I am having a bit of trouble analyzing my PacBio Kinnex full length 16s rRNA data on qiime2-amplicon-2024.5. The data I received from the sequencing center were already demultiplexed with primers removed. One major problem I have, is that the adapters have been removed and I cannot leave this step out out of the qiime dada2 denoise-ccs
step.
I tried pivoting to the BacBio HifI workflow which uses nextflow. The benefit here being that you can skip the cut-adapter step and the pipeline is recommend for this type of data. However, running this on the cluster has been problematic. My job_script might be giving problems with the SGE job scheduler.

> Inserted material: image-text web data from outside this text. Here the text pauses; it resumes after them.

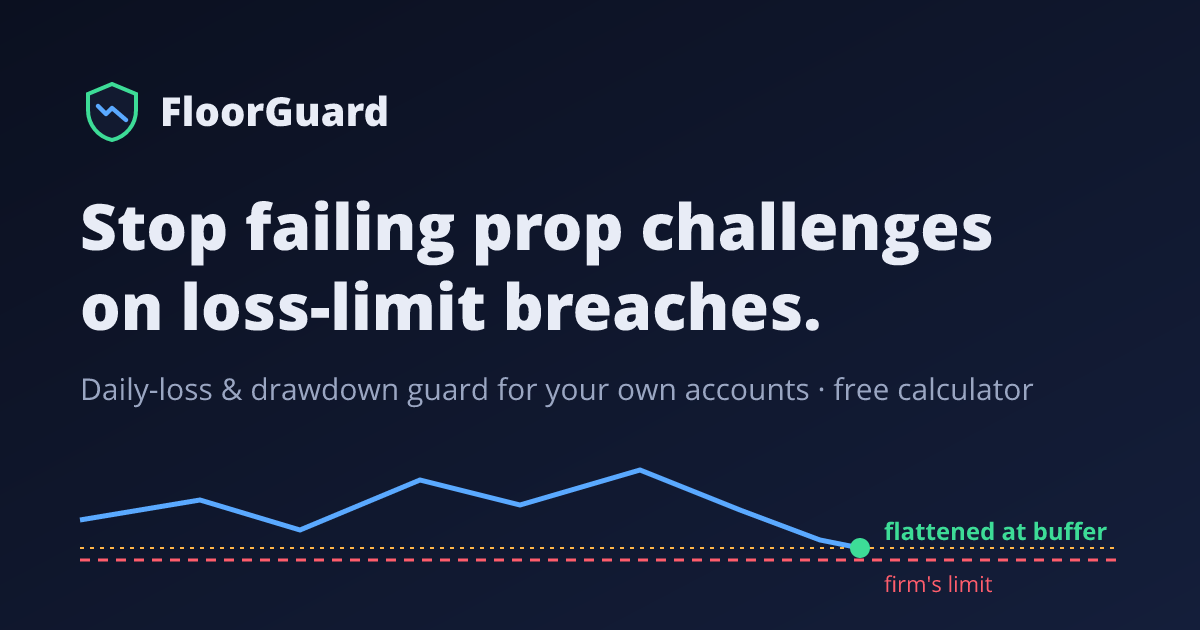 FloorGuard screenshot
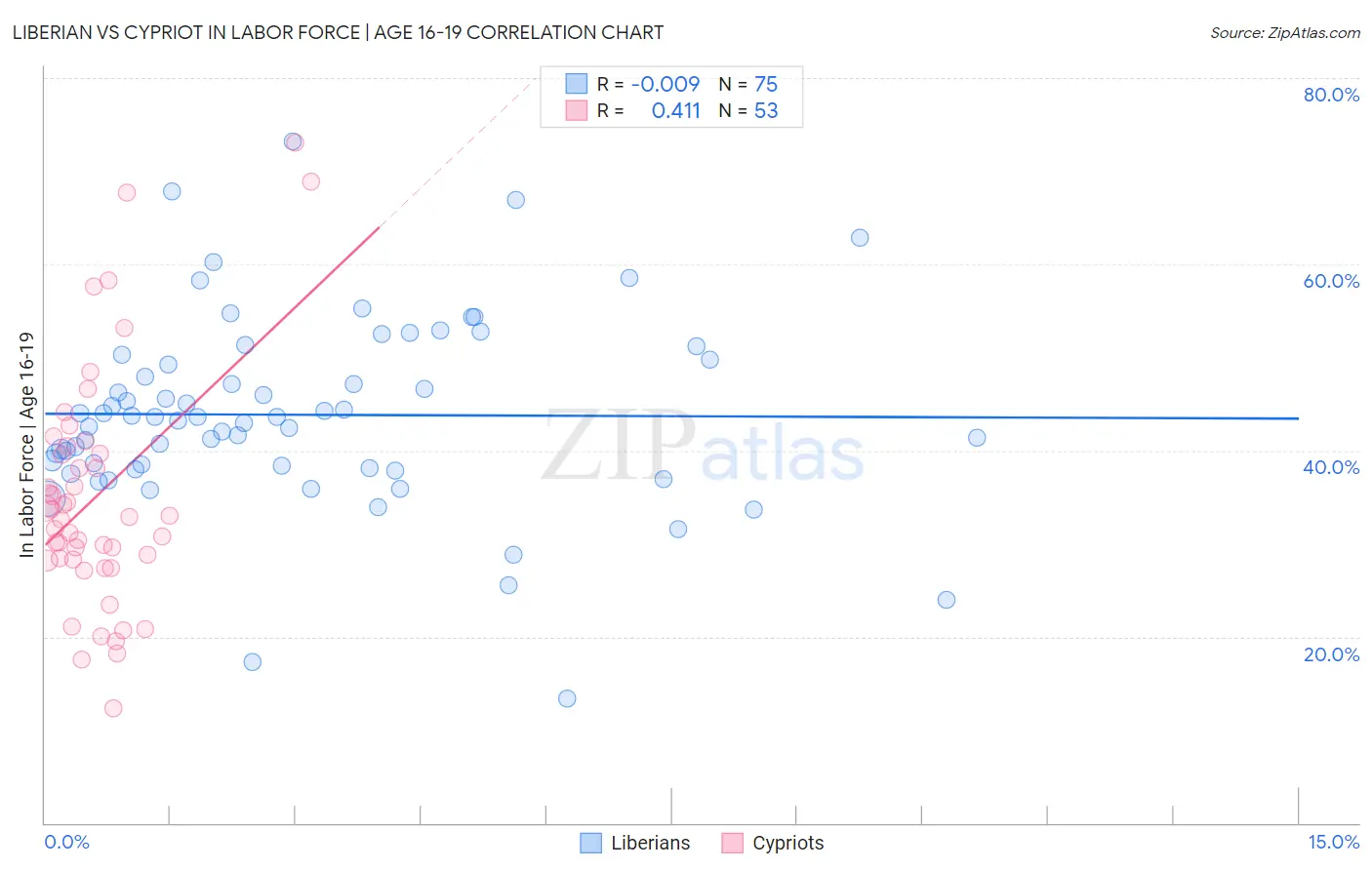 Liberian vs Cypriot In Labor Force | Age 16-19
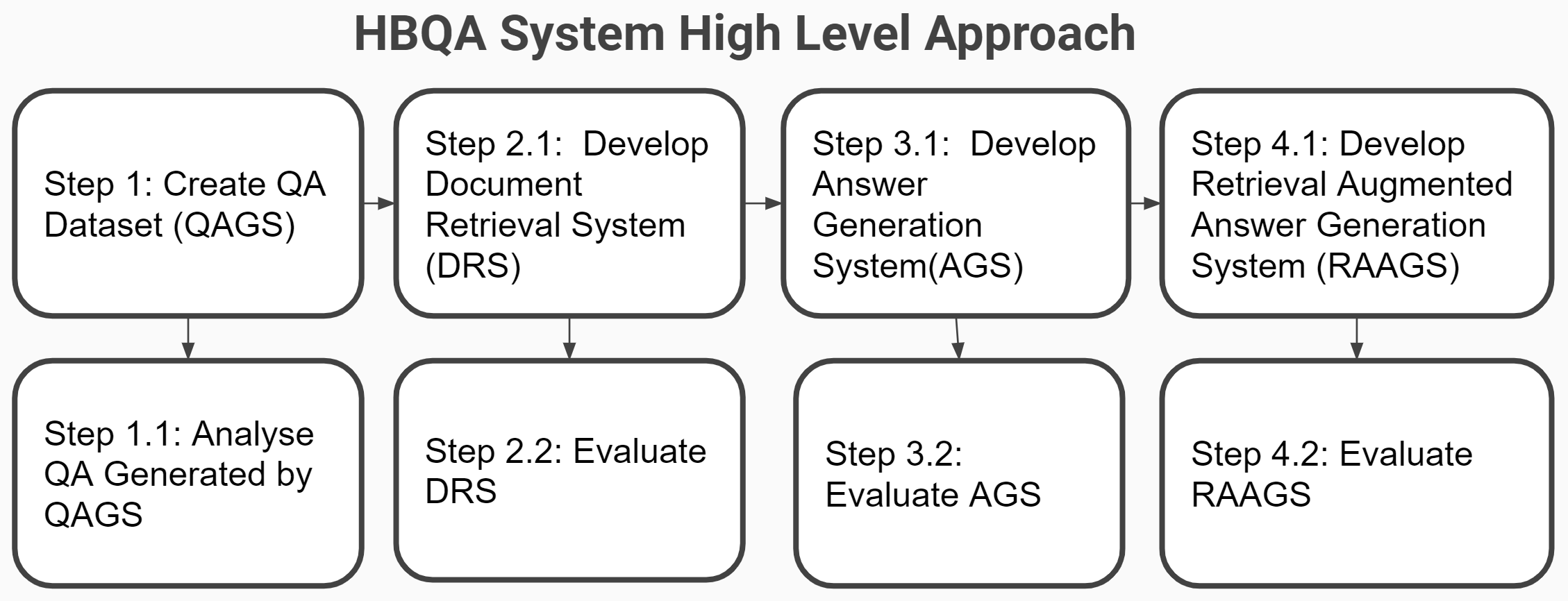 HBQA-Approach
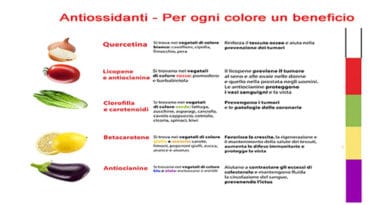 Cosa sono gli antiossidanti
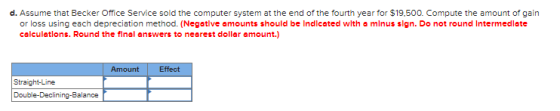 d. Assume that Becker Office Service sold the computer system at the end of the fourth year for $19.500. Compute the amount o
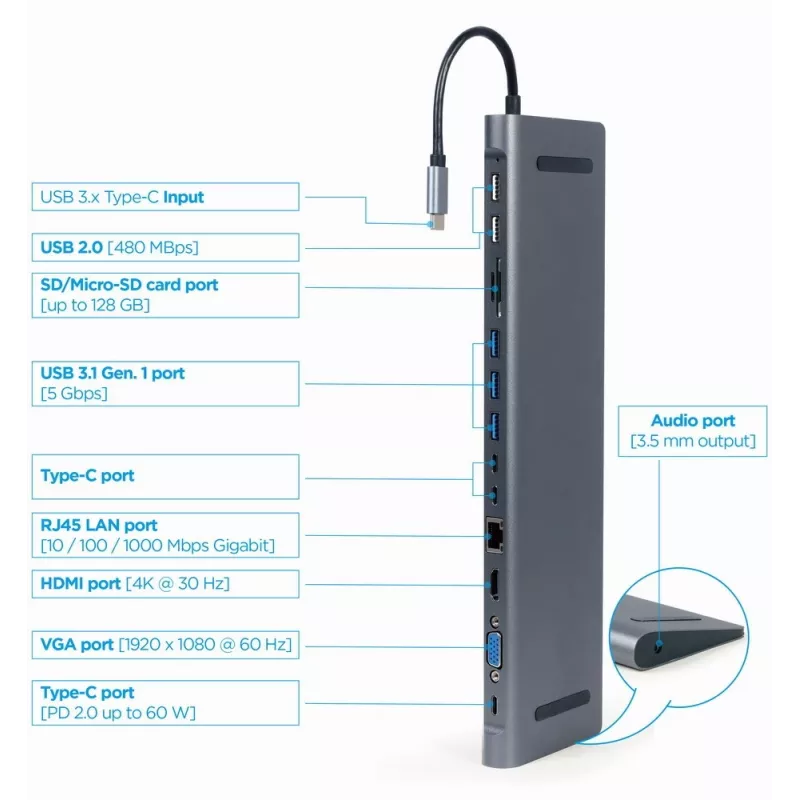 Gembird A-CM-COMBO9-01 USB Type-C 9-in-1 kelių prievadų adapteris (USB centras + HDMI + VGA + PD + kortelių skaitytuvas + LAN + 3,5 mm garsas), kosminė pilka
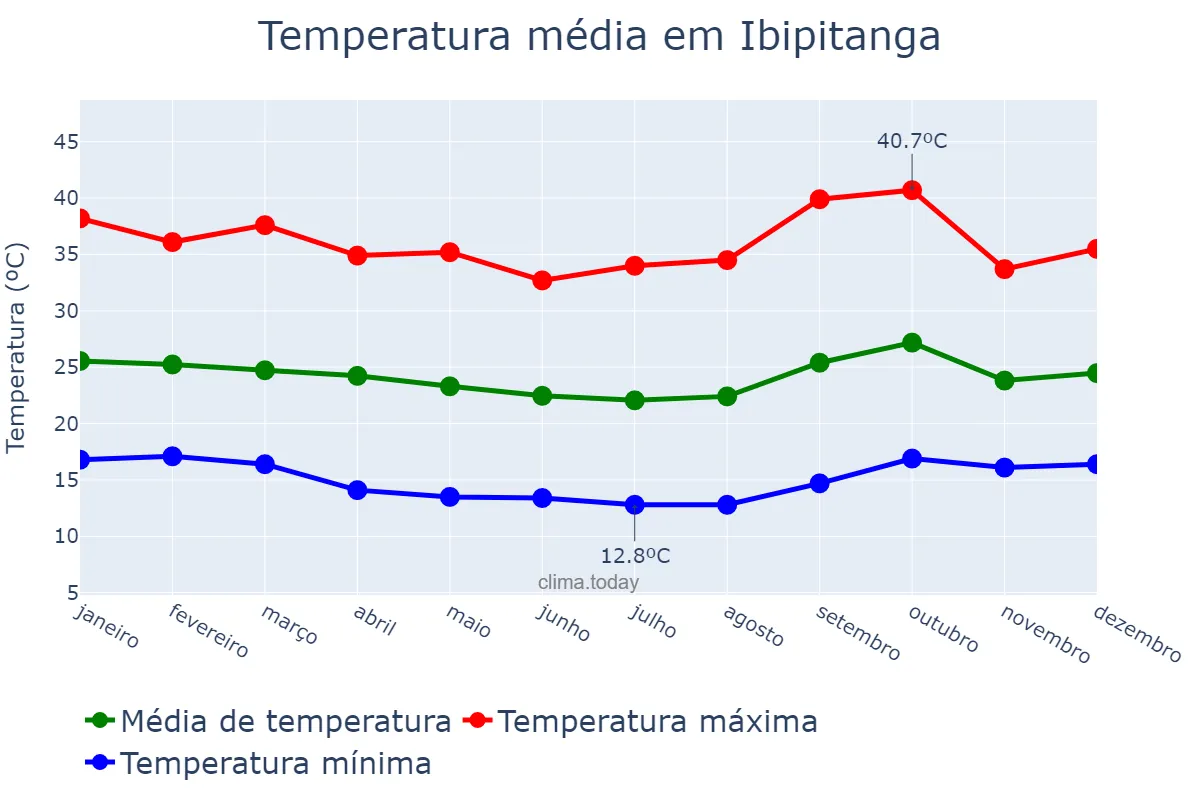 Temperatura anual em Ibipitanga, BA, BR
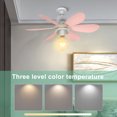 thumbnail image 4 of Lámpara Ventilador Con Enchufe LED Techo Base E27 Control Remoto para Y, 4 of 9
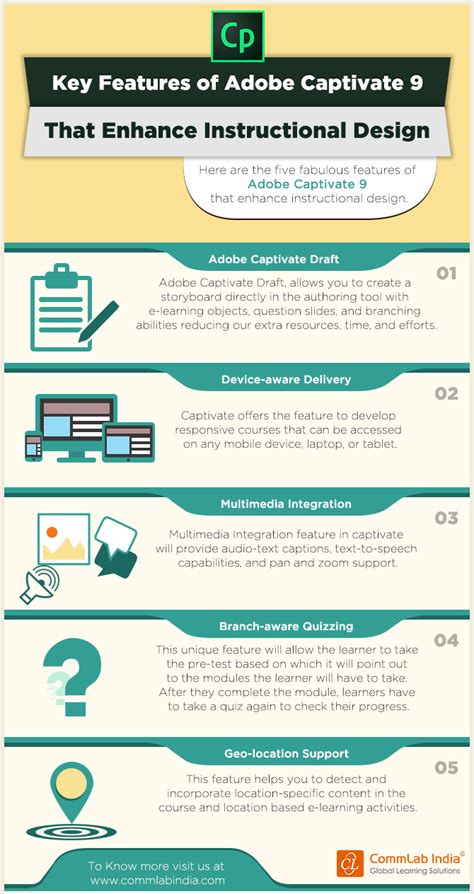 Key Features of Adobe Captivate 9 [Infographic]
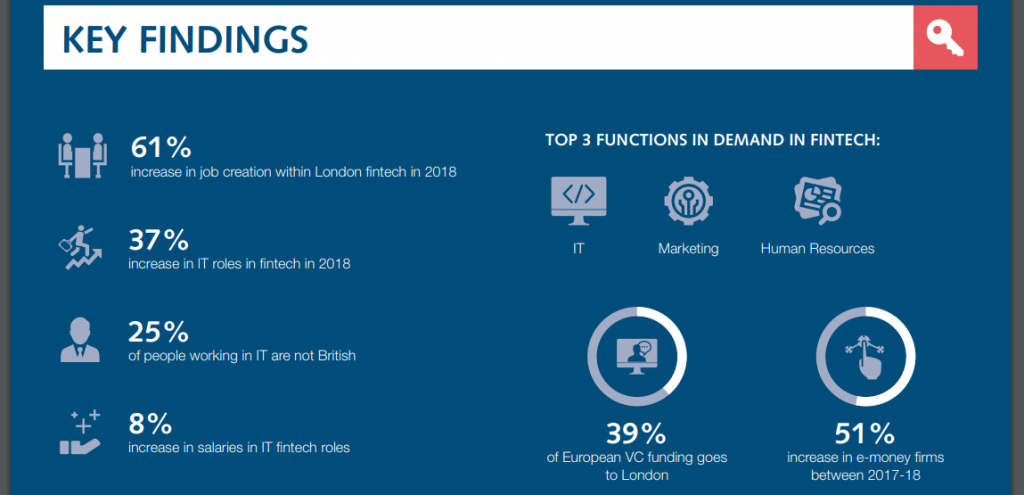 UK Fintech Revolution Report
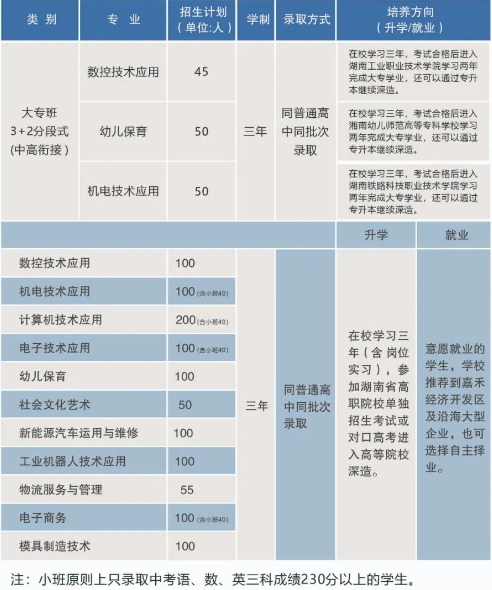 嘉禾县职业中专2025年招生简章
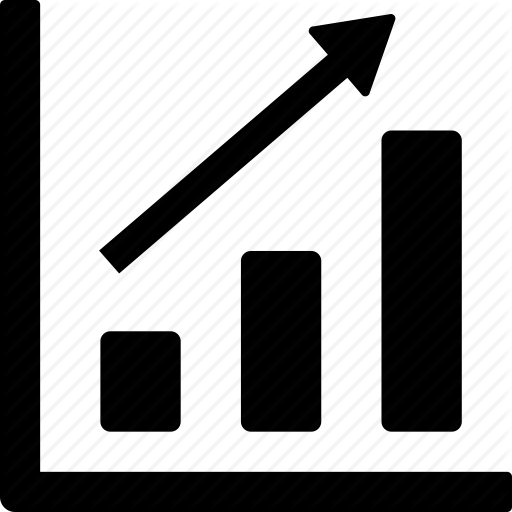 Business Profits, Increase Profit, Increase Sales, Marketing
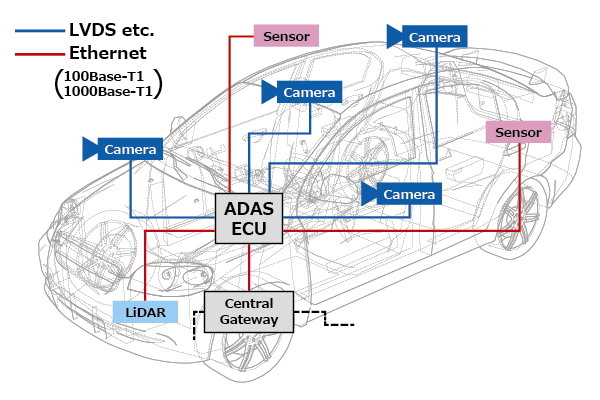 What is the ideal Ethernet choice for automotive applications?
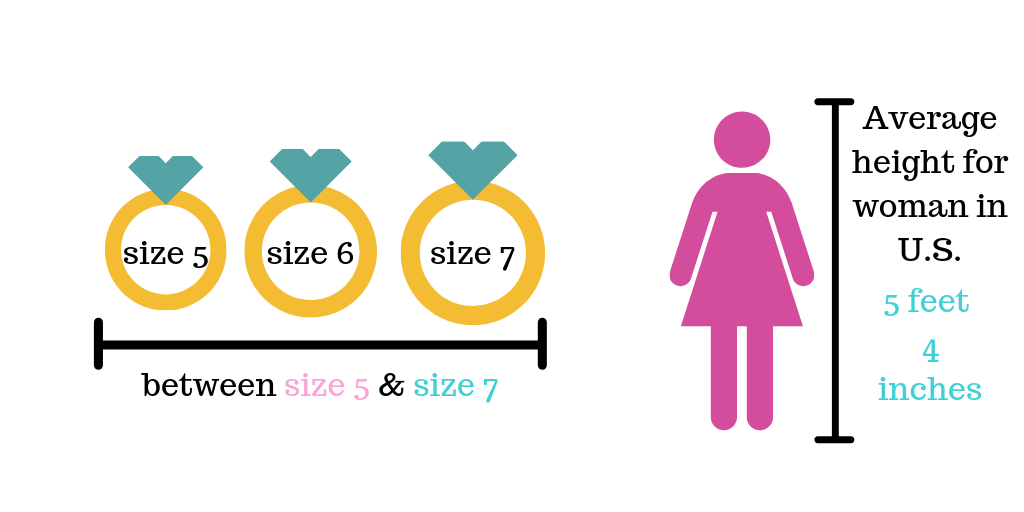 what-is-average-ring-size-for-a-woman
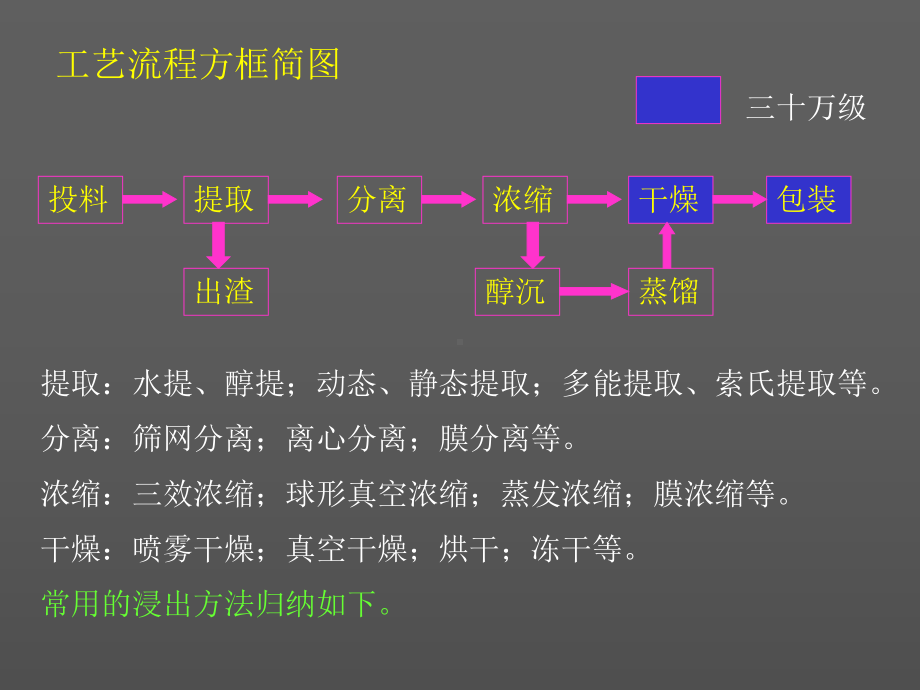 中药提取工艺解读课件.ppt_第2页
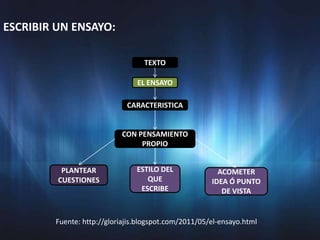 ESCRIBIR UN ENSAYO:

                                  TEXTO

                                EL ENSAYO

                             CARACTERISTICA


                           CON PENSAMIENTO
                                PROPIO


          PLANTEAR              ESTILO DEL              ACOMETER
         CUESTIONES                QUE                IDEA Ó PUNTO
                                 ESCRIBE                 DE VISTA


        Fuente: http://gloriajis.blogspot.com/2011/05/el-ensayo.html
 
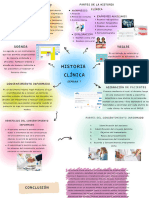 SEMANA 1 - PLAN PARA EL PX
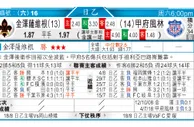 东方拆局(法甲)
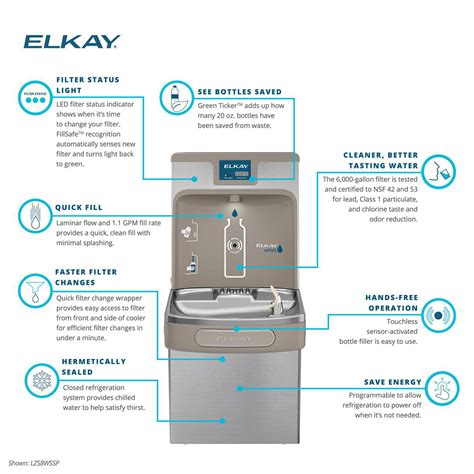 Elkay Connected Retrofit Kit for Elkay Enhanced ezH2O Bottle Filling ...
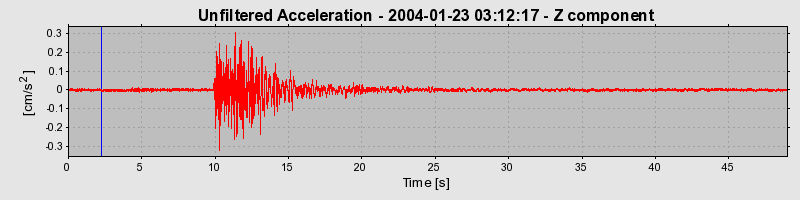 Plot-20160715-1578-1pjuf7f-0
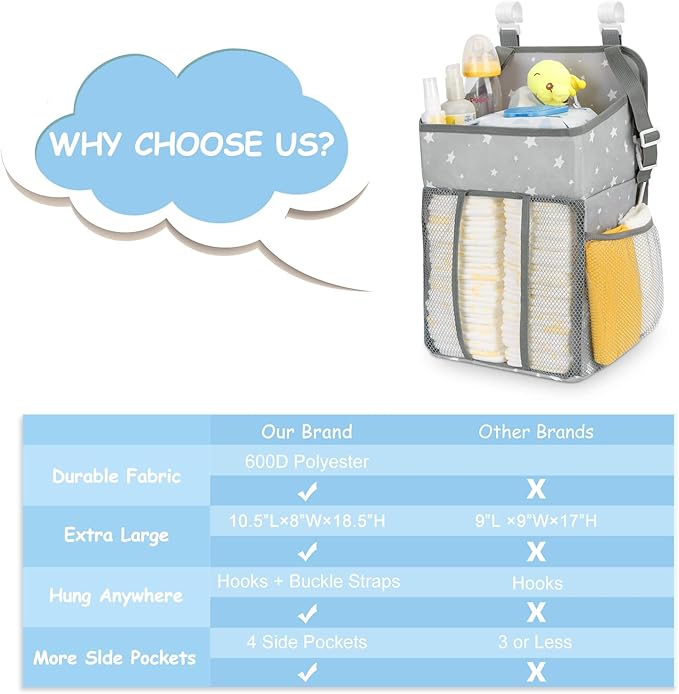 Maliton Changing Table Diaper Organizer - Baby Hanging Diaper Stacker Nursery Caddy Organizer for Cribs Playard Baby Essentia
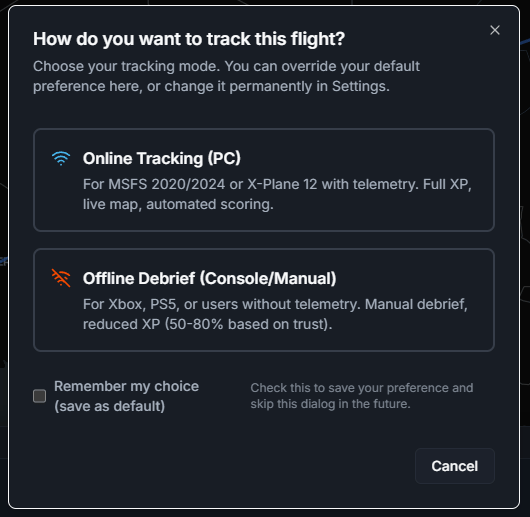 Tracking Method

The script in question:
#!/bin/bash
#$ -N HiFi16SJob
#$ -cwd
#$ -pe smp 64
#$ -l h_vmem=128G
#$ -q bigmem
#$ -j y
# Initialize conda in the current shell environment
__conda_setup="$('/home/ICE/jbeer/anaconda3/bin/conda' 'shell.bash' 'hook' 2> /dev/null)"
if [ $? -eq 0 ]; then
eval "$__conda_setup"
else
if [ -f "/home/ICE/jbeer/anaconda3/etc/profile.d/conda.sh" ]; then
. "/home/ICE/jbeer/anaconda3/etc/profile.d/conda.sh"
else
export PATH="/home/ICE/jbeer/anaconda3/bin:$PATH"
fi
fi
unset __conda_setup
# Activate the conda environment
conda activate nextflow
# Change to the directory containing your Nextflow pipeline
cd /home/ICE/jbeer/pb-16S-nf
# Run Nextflow with the main.nf script and specify the input data, metadata, and the skip_primer_trim parameter
nextflow run main.nf \
--input /home/ICE/jbeer/pb-16S-nf/test_data/testing.tsv \
--metadata /home/ICE/jbeer/pb-16S-nf/test_data/test_metadata.tsv \
--skip_primer_trim true \
--VSEARCH_threads 30 \
--DADA2_threads 30 \
--cutadapt_threads 4 \
-profile conda
Does anyone know how a proper job_script for this type of analysis should look? Please let me know if you have any advice. I have worked with 16s amplicon data before, but I am fairly inexperienced with PacBio/long read amplicon data analysis.
Kind regards,
Johann